» **WHAT NEEDS TO BE DONE**
Only the lines that contain the string "Golf" belong in the answer; pull them from the records.

##### DATA SECTION #####

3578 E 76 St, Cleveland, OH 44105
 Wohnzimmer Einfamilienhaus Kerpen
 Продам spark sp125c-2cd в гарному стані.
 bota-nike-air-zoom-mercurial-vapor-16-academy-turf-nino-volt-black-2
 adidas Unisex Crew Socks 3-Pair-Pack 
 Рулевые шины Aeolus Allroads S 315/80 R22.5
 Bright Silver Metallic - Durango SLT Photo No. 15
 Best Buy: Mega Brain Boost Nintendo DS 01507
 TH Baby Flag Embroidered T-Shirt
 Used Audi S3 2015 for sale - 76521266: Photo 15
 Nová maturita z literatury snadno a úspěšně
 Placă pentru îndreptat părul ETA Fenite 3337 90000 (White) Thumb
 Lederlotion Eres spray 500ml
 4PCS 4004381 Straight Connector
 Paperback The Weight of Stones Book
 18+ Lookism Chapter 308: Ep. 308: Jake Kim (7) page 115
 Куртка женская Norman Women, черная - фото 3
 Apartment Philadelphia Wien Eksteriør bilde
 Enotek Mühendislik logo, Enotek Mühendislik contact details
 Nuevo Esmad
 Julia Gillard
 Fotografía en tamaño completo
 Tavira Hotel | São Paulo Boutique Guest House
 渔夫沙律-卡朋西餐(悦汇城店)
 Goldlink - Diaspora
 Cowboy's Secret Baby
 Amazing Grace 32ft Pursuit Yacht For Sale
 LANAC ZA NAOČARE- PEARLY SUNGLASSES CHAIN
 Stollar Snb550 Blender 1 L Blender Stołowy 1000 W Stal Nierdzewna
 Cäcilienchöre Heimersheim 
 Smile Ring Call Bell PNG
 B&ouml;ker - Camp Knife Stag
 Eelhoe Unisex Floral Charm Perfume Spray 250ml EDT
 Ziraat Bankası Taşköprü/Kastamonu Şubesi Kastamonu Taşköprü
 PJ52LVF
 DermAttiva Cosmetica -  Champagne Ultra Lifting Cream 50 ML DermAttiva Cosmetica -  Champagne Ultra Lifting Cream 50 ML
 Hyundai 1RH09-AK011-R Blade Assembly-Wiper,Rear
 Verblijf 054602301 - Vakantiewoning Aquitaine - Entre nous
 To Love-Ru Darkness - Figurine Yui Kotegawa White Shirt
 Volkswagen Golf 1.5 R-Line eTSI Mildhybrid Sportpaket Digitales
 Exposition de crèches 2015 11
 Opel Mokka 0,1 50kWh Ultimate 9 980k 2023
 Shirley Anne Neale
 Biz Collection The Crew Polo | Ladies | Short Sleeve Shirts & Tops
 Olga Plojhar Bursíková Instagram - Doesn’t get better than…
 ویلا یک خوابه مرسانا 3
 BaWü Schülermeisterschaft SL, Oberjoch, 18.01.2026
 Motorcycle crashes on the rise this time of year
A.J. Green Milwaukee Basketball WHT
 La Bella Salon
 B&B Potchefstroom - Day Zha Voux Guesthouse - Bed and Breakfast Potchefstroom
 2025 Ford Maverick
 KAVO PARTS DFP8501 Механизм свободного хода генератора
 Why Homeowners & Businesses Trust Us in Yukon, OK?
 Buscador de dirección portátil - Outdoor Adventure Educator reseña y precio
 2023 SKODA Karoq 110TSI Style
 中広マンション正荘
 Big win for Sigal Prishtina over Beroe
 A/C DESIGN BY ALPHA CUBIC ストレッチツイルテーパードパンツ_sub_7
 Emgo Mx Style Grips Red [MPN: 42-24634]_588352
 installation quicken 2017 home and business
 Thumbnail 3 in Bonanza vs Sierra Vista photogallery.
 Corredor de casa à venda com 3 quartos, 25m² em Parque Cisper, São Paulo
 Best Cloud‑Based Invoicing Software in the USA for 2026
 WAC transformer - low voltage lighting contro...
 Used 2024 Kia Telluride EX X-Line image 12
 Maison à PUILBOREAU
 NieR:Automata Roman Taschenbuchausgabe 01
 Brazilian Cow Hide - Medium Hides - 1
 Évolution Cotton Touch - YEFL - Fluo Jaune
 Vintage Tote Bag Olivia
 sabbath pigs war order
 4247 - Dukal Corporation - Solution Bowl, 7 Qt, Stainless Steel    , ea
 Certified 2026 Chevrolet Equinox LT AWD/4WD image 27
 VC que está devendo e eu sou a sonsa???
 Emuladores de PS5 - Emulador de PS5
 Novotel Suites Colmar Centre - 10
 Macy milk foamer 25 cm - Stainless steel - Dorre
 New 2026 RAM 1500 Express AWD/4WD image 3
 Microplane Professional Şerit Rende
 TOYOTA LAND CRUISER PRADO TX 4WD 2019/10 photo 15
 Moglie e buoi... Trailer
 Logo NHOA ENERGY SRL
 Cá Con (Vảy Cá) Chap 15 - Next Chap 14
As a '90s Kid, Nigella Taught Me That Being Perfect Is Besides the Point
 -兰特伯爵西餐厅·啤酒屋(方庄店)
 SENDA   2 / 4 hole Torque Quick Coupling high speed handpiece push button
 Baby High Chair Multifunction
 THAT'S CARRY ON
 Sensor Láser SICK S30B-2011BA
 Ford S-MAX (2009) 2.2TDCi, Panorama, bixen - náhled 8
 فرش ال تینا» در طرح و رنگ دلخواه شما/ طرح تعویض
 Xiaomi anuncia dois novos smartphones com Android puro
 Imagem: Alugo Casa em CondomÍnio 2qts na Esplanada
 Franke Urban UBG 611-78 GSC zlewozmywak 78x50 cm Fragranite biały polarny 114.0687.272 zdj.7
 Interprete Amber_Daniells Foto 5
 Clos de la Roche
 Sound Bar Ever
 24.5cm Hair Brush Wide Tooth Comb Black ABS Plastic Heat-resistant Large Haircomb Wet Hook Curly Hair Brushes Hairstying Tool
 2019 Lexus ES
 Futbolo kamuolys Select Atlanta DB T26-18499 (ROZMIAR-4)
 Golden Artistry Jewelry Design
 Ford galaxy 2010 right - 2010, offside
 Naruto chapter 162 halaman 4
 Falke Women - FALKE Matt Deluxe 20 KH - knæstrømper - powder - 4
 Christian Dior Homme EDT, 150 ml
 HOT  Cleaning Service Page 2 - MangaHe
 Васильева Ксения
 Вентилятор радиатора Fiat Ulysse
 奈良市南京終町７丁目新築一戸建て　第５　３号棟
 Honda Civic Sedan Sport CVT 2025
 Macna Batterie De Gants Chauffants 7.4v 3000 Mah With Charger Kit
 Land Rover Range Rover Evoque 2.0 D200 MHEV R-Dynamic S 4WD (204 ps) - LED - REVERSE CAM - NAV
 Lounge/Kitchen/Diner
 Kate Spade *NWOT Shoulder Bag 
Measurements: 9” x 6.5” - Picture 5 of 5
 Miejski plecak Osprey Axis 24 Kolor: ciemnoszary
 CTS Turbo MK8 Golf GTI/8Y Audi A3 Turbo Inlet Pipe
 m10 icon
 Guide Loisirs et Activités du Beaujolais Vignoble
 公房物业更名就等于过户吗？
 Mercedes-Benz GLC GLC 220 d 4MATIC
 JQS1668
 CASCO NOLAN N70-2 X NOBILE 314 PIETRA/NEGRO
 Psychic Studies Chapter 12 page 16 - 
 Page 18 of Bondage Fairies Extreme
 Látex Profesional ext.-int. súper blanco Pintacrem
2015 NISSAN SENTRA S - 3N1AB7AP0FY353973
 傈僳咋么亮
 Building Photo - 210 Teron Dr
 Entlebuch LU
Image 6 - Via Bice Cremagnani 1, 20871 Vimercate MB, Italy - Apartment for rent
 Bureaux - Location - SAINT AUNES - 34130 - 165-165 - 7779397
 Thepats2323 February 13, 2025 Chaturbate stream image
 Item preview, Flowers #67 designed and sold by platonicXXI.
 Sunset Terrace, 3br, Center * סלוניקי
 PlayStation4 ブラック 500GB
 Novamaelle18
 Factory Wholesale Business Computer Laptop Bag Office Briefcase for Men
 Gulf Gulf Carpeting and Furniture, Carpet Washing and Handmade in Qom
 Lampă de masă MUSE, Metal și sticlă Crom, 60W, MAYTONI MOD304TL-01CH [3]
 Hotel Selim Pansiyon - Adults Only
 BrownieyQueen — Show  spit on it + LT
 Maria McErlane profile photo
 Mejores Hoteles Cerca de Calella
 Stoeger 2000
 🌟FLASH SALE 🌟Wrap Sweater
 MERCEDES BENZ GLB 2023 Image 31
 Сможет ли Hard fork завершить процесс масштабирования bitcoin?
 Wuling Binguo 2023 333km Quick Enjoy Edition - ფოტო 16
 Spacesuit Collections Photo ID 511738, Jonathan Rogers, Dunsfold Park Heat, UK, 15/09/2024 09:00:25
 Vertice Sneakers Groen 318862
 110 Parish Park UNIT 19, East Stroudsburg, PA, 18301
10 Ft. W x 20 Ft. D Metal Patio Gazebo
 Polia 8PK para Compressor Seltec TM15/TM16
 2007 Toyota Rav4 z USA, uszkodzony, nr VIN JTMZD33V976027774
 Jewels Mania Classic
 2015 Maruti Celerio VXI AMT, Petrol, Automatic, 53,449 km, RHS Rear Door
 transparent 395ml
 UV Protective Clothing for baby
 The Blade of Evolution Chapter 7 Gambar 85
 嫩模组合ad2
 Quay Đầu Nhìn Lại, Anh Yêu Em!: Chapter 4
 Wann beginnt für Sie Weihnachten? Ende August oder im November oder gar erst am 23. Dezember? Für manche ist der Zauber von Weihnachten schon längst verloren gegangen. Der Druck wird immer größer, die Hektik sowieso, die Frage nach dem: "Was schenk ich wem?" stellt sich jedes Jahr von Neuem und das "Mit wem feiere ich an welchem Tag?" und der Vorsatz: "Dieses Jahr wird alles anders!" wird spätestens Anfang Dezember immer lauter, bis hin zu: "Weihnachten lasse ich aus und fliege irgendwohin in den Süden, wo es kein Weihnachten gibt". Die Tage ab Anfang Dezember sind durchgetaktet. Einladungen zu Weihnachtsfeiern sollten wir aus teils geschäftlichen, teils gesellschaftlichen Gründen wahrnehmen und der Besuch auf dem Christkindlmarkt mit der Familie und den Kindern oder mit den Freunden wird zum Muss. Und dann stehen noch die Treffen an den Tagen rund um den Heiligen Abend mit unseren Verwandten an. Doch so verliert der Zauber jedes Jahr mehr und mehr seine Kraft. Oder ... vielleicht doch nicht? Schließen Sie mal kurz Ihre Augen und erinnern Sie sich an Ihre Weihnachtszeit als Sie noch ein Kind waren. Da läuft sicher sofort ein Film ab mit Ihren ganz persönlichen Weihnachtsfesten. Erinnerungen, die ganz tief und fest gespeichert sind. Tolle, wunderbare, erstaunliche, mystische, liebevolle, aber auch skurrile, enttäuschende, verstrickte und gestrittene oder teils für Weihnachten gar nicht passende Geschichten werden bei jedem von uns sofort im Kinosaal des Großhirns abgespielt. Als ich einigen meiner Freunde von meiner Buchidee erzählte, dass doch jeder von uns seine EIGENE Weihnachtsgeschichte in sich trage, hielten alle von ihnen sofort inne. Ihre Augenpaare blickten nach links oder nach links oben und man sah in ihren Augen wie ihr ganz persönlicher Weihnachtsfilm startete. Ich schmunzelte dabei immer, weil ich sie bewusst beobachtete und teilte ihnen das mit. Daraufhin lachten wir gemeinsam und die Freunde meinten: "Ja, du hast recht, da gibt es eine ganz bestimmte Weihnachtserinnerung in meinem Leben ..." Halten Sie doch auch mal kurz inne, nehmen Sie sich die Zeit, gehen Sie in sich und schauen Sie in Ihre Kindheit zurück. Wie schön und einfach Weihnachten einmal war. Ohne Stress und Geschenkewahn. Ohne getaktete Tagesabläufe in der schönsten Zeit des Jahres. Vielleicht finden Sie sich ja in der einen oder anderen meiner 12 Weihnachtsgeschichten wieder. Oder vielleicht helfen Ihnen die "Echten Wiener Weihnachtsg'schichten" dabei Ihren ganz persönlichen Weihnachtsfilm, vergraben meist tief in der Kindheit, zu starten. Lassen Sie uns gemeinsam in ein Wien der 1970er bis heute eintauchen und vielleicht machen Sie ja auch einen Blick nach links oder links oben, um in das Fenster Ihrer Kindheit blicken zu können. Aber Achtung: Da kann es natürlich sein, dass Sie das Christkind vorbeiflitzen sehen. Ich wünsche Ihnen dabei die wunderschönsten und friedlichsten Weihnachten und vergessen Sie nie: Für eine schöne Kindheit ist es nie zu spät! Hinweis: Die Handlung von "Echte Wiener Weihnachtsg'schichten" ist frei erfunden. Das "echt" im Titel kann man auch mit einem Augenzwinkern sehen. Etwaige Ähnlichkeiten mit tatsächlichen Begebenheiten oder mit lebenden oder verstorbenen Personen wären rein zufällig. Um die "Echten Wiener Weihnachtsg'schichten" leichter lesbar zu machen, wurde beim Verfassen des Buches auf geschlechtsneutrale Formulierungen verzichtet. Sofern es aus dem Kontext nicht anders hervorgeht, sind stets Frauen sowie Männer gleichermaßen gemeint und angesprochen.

#####

» **PROBLEM SOLUTION**
 Volkswagen Golf 1.5 R-Line eTSI Mildhybrid Sportpaket Digitales
 CTS Turbo MK8 Golf GTI/8Y Audi A3 Turbo Inlet Pipe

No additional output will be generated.